Navy Plans to Beef Up Cyber Workforce
Service’s 2014 budget also includes $340.1 million for shipboard networks.
Cyber, shipboard networks and unmanned systems stand out as key Navy technology investments in 2014 and for the next several years, top service officials told a hearing of the House Armed Services Committee on Tuesday.
The Navy requested an operations budget of $22.6 million for its Fleet Cyber Command in 2014, up $2.3 million from 2013. Adm. Jonathan Greenert, chief of naval operations, told the hearing that the service plans to man and train a cyber force increase of about 1,000 personnel by 2016, in addition to the 800 billets realigned in 2013 from other specialties.
Greenert said these cyber specialists will help form 40 computer defense, attack and exploitation teams at the U.S. Cyber Command. The Cyber Command plans to field 100 cyber teams by 2015.
Navy Secretary Ray Mabus told the hearing the service also needs “an equally sophisticated officer corps” to lead cyber forces, backed up by plans to “make the construction of a cybersecurity studies facility at the U.S. Naval Academy a top priority in developing the fiscal 2015 military construction program.”
Greenert said the Navy needs to develop what he termed good cyber “hygiene” by reducing the number of networks it operates and developing standard networks, an effort supported by the shipboard Consolidated Afloat Networks or CANES project.
The Navy requested a $340.1 million budget for CANES in 2014, down $1 million from 2013, and Greenert said this will help the service equip new amphibious ships used to transport Marine forces. He said CANES will only address part of the need to develop improved communications systems. “We are analyzing the need for upgraded communications on our older amphibious ships and will correct those shortfalls in the near-term,” he said, without providing details.

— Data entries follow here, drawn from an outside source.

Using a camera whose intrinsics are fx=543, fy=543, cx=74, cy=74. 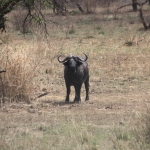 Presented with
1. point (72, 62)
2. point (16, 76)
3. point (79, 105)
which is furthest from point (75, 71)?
point (16, 76)

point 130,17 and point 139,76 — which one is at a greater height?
point 130,17

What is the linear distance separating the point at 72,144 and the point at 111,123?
1.95 meters

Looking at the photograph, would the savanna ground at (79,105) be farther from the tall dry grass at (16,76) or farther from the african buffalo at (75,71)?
the african buffalo at (75,71)

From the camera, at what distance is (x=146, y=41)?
24094mm

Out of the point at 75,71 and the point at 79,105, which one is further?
the point at 75,71

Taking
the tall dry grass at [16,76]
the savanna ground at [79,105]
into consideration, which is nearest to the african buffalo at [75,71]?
the savanna ground at [79,105]

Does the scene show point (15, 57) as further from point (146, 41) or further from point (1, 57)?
point (146, 41)

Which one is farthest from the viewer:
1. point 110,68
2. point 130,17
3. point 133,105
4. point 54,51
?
point 130,17

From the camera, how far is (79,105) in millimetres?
12633

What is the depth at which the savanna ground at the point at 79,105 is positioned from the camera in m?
8.74

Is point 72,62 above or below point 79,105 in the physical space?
above

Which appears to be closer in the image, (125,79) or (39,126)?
(39,126)

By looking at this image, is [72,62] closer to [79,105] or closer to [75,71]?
[75,71]

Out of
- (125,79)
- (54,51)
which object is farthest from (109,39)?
(125,79) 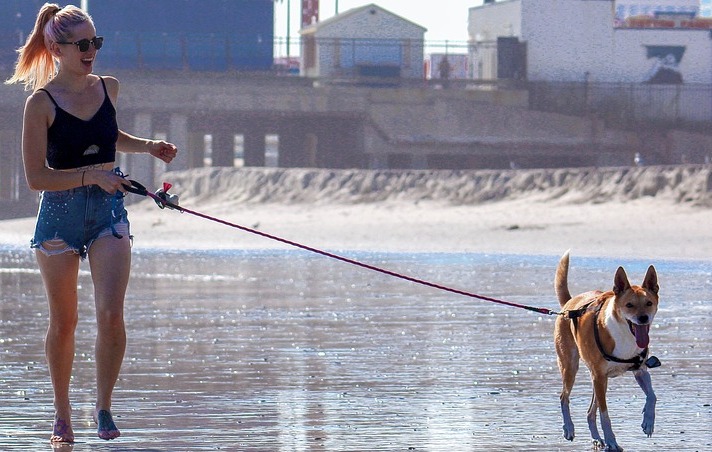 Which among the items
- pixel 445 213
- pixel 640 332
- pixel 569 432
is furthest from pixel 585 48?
pixel 640 332

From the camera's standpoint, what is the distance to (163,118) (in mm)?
58062

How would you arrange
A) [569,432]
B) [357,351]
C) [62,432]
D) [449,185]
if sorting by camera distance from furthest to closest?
[449,185]
[357,351]
[569,432]
[62,432]

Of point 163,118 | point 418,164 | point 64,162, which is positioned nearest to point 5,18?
point 163,118

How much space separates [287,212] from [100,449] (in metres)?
27.0

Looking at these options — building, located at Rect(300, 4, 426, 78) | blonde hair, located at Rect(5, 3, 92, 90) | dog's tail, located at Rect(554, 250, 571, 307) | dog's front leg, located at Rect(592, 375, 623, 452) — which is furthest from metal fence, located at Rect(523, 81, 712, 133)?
blonde hair, located at Rect(5, 3, 92, 90)

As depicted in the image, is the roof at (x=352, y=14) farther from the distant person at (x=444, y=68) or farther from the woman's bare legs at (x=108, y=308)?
the woman's bare legs at (x=108, y=308)

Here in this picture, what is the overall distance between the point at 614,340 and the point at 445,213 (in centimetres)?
2419

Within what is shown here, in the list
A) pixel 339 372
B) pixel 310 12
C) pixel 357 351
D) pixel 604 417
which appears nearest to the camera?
pixel 604 417

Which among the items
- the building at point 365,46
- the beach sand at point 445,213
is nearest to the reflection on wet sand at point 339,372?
the beach sand at point 445,213

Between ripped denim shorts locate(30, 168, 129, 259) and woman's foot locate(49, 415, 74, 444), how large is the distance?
718 millimetres

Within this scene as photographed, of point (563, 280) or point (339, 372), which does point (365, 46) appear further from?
point (563, 280)

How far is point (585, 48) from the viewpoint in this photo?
57.6 metres

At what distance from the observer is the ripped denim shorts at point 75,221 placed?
6.34 meters

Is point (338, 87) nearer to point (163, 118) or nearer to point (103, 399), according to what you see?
point (163, 118) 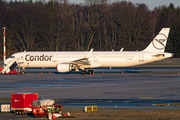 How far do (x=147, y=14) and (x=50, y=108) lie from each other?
7643 centimetres

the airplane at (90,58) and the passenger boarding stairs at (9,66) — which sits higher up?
the airplane at (90,58)

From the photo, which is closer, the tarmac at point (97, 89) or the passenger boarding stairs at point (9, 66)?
the tarmac at point (97, 89)

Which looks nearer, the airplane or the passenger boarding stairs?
the passenger boarding stairs

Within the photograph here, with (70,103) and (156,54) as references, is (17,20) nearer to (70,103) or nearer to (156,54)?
(156,54)

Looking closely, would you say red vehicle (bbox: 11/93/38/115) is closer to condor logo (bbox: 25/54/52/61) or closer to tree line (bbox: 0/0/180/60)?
condor logo (bbox: 25/54/52/61)

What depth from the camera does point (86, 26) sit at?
89.9m

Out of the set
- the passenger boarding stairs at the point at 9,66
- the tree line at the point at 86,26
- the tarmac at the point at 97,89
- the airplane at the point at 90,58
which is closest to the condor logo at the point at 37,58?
the airplane at the point at 90,58

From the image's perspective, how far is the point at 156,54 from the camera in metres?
48.6

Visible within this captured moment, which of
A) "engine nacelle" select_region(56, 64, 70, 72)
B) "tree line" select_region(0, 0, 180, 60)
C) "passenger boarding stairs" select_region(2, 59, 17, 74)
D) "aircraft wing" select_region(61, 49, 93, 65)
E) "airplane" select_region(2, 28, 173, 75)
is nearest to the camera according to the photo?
"engine nacelle" select_region(56, 64, 70, 72)

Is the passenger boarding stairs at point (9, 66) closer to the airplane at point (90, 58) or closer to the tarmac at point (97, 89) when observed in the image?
the airplane at point (90, 58)

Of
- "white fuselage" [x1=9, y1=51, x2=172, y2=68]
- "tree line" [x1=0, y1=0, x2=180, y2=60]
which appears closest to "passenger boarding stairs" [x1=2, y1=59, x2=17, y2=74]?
"white fuselage" [x1=9, y1=51, x2=172, y2=68]

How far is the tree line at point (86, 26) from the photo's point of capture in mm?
79250

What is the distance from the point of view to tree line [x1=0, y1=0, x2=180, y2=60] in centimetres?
7925

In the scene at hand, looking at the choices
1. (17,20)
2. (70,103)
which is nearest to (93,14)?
(17,20) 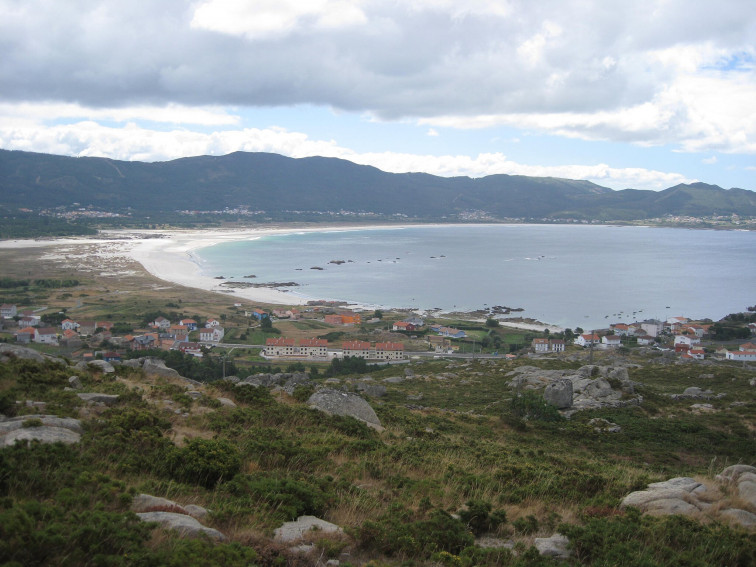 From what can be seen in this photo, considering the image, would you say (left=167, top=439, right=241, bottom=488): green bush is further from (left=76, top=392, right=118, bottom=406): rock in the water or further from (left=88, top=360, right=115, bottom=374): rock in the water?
(left=88, top=360, right=115, bottom=374): rock in the water

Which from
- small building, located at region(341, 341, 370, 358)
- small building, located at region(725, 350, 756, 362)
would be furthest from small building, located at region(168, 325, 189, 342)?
small building, located at region(725, 350, 756, 362)

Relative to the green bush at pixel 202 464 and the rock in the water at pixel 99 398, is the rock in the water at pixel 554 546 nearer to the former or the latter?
the green bush at pixel 202 464

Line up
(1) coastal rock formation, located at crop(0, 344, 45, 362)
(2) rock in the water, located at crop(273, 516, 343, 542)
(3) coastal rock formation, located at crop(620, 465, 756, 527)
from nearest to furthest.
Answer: (2) rock in the water, located at crop(273, 516, 343, 542) < (3) coastal rock formation, located at crop(620, 465, 756, 527) < (1) coastal rock formation, located at crop(0, 344, 45, 362)

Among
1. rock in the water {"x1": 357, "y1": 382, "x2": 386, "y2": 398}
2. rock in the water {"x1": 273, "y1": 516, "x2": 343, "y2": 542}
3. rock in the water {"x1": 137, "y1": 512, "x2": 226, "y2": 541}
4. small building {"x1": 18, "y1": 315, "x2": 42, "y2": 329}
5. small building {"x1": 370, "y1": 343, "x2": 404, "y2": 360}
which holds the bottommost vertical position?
small building {"x1": 370, "y1": 343, "x2": 404, "y2": 360}

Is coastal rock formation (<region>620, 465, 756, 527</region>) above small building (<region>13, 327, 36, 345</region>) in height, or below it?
above

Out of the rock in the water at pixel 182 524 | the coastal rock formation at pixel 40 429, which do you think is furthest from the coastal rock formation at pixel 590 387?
the rock in the water at pixel 182 524

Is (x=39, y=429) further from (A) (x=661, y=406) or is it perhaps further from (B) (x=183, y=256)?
(B) (x=183, y=256)

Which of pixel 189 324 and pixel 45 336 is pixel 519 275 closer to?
pixel 189 324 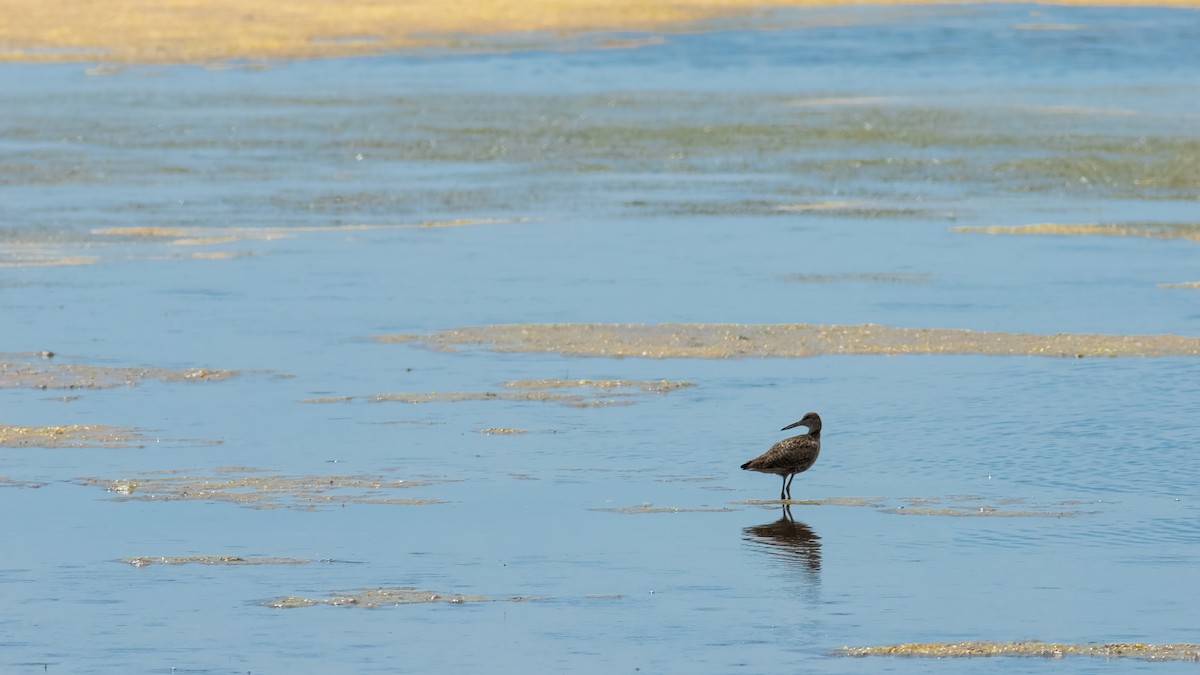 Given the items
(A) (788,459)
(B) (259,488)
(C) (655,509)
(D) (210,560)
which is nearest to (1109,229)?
(A) (788,459)

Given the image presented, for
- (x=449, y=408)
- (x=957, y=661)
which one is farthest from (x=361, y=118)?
(x=957, y=661)

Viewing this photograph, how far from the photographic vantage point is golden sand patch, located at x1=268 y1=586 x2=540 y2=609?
9641 mm

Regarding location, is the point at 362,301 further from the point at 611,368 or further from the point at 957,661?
the point at 957,661

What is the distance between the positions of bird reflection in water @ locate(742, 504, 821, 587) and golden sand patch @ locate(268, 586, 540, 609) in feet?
4.52

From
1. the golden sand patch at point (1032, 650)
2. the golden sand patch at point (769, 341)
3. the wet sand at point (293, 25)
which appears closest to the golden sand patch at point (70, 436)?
the golden sand patch at point (769, 341)

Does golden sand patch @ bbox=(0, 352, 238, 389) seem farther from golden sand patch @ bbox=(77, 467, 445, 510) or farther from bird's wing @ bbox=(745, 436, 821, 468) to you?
bird's wing @ bbox=(745, 436, 821, 468)

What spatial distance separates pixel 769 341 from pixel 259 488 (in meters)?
5.90

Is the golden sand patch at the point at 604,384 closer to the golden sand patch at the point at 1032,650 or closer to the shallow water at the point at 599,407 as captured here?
the shallow water at the point at 599,407

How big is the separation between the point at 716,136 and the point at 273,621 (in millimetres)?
24605

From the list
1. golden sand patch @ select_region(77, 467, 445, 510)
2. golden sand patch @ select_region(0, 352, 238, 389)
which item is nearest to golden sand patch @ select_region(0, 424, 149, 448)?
golden sand patch @ select_region(77, 467, 445, 510)

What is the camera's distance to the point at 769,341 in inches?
Answer: 668

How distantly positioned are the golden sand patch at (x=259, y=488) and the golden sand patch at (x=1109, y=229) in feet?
40.7

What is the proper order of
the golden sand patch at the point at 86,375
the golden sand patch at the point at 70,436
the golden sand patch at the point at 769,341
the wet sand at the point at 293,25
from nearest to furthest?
the golden sand patch at the point at 70,436
the golden sand patch at the point at 86,375
the golden sand patch at the point at 769,341
the wet sand at the point at 293,25

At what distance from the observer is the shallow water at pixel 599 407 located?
9.51 metres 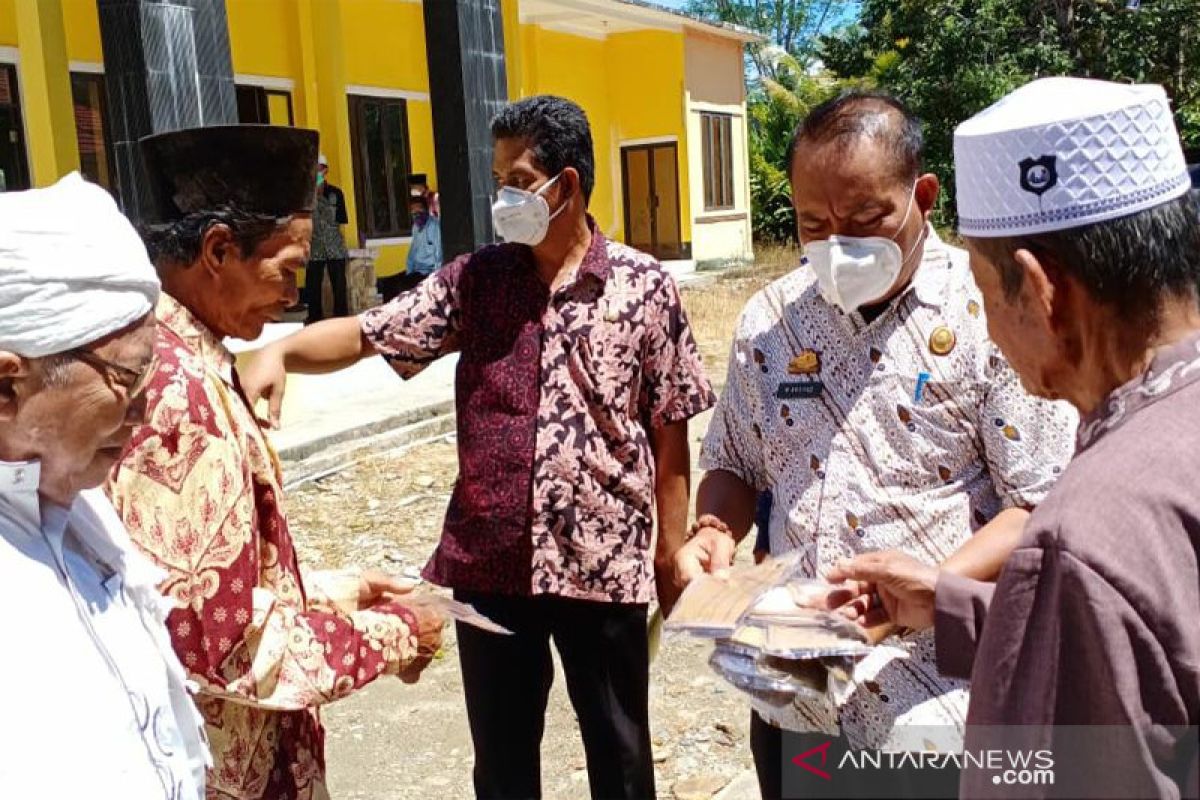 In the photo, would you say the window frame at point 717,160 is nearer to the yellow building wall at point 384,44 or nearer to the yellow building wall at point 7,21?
the yellow building wall at point 384,44

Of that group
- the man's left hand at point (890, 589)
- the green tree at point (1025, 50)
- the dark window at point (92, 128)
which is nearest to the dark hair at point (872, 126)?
the man's left hand at point (890, 589)

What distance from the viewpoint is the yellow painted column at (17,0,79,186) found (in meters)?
9.47

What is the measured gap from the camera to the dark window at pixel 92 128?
10.4m

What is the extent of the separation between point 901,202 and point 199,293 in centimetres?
126

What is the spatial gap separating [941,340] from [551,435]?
1.05 meters

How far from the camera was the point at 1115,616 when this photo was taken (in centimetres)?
104

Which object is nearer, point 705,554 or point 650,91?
point 705,554

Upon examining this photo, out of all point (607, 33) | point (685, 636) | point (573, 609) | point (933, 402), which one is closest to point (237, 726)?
point (685, 636)

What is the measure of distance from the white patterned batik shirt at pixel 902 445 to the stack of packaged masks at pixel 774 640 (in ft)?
0.71

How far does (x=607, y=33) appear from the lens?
1986cm

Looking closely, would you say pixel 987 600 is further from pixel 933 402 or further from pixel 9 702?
pixel 9 702

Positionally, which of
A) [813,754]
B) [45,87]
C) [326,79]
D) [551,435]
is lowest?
[813,754]

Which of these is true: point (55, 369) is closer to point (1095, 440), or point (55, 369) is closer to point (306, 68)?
point (1095, 440)

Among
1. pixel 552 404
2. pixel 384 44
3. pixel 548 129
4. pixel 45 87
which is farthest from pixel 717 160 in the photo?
pixel 552 404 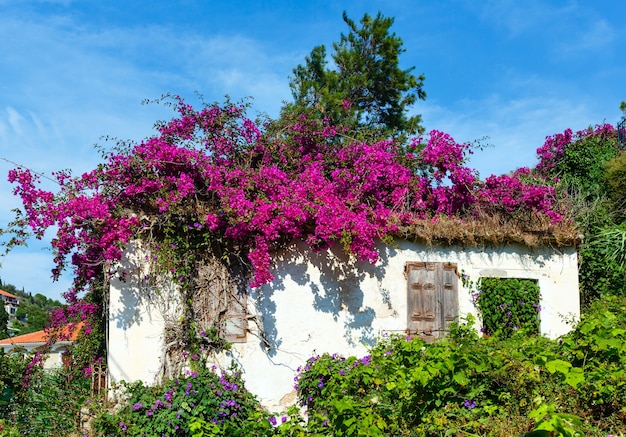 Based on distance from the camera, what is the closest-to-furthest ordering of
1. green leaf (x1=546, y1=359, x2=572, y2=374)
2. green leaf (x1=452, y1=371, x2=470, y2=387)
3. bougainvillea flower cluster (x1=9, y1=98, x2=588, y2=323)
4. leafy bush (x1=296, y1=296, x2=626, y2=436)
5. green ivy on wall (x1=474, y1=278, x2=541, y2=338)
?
green leaf (x1=546, y1=359, x2=572, y2=374) < leafy bush (x1=296, y1=296, x2=626, y2=436) < green leaf (x1=452, y1=371, x2=470, y2=387) < bougainvillea flower cluster (x1=9, y1=98, x2=588, y2=323) < green ivy on wall (x1=474, y1=278, x2=541, y2=338)

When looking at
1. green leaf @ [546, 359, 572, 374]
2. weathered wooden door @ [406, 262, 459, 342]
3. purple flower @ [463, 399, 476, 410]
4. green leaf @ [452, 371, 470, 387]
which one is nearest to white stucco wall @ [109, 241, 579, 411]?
weathered wooden door @ [406, 262, 459, 342]

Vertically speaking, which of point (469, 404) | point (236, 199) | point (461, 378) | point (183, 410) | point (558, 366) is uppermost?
point (236, 199)

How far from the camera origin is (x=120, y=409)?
24.1 ft

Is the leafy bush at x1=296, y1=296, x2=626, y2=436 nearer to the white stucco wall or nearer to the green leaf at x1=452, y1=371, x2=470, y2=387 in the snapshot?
the green leaf at x1=452, y1=371, x2=470, y2=387

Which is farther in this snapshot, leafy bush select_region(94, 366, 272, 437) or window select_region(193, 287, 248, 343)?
window select_region(193, 287, 248, 343)

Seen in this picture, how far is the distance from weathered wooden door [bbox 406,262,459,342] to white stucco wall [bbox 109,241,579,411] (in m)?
0.12

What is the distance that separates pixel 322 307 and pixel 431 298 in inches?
67.6

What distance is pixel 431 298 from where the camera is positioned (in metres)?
8.92

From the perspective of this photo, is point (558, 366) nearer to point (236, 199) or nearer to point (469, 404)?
point (469, 404)

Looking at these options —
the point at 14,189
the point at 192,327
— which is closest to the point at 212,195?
the point at 192,327

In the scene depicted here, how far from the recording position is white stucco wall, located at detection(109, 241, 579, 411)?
8117 millimetres

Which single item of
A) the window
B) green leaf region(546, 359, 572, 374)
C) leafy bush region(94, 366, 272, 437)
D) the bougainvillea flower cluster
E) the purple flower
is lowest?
leafy bush region(94, 366, 272, 437)

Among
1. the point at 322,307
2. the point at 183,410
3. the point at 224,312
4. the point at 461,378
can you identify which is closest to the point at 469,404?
the point at 461,378

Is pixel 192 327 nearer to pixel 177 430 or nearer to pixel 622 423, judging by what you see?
pixel 177 430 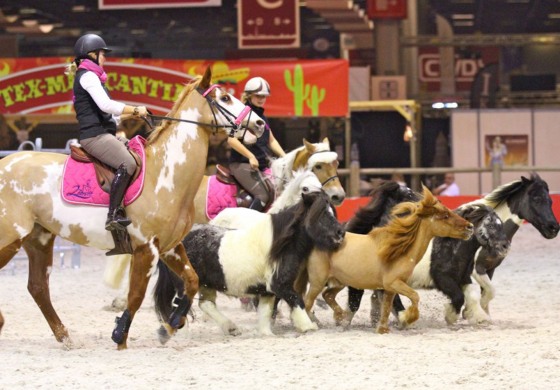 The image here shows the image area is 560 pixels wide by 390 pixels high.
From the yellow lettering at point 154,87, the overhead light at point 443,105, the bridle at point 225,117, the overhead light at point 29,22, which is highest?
the overhead light at point 29,22

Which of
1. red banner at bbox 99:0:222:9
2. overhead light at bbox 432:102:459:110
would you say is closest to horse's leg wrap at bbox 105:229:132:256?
red banner at bbox 99:0:222:9

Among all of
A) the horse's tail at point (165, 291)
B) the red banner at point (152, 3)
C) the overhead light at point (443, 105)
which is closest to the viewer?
the horse's tail at point (165, 291)

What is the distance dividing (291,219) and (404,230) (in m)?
0.86

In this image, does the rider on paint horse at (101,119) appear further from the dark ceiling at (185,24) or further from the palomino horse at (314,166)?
the dark ceiling at (185,24)

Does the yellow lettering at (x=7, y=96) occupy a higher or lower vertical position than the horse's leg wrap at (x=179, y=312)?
higher

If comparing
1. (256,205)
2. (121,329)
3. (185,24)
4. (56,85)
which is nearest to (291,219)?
(256,205)

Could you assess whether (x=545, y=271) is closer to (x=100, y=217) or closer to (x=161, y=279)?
(x=161, y=279)

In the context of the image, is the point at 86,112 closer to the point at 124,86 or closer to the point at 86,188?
the point at 86,188

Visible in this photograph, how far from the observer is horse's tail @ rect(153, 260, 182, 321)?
809 centimetres

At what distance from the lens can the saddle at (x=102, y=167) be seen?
289 inches

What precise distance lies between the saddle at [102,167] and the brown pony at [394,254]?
61.0 inches

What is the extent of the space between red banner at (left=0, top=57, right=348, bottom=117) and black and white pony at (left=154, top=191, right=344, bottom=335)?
7801 mm

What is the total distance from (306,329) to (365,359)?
1.21 meters

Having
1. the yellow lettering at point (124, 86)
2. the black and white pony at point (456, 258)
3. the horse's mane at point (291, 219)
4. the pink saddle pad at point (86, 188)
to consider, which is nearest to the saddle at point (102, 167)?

Mabus said unmanned systems will continue to be key military platforms at sea and ashore and said the Navy and Marines have made significant movement in drone development, including using unmanned MQ-8B Firescout helicopters to support sea and land Marine operations in Afghanistan. The Navy requested $61 million to buy one additional MQ-8B in its 2014 budget.
The service also requested $52 million for its version of the Air Force long-range Global Hawk unmanned aerial vehicle, the MQ-4C Triton, which Mabus said will “play a central role in building maritime domain awareness and prosecuting surface targets.”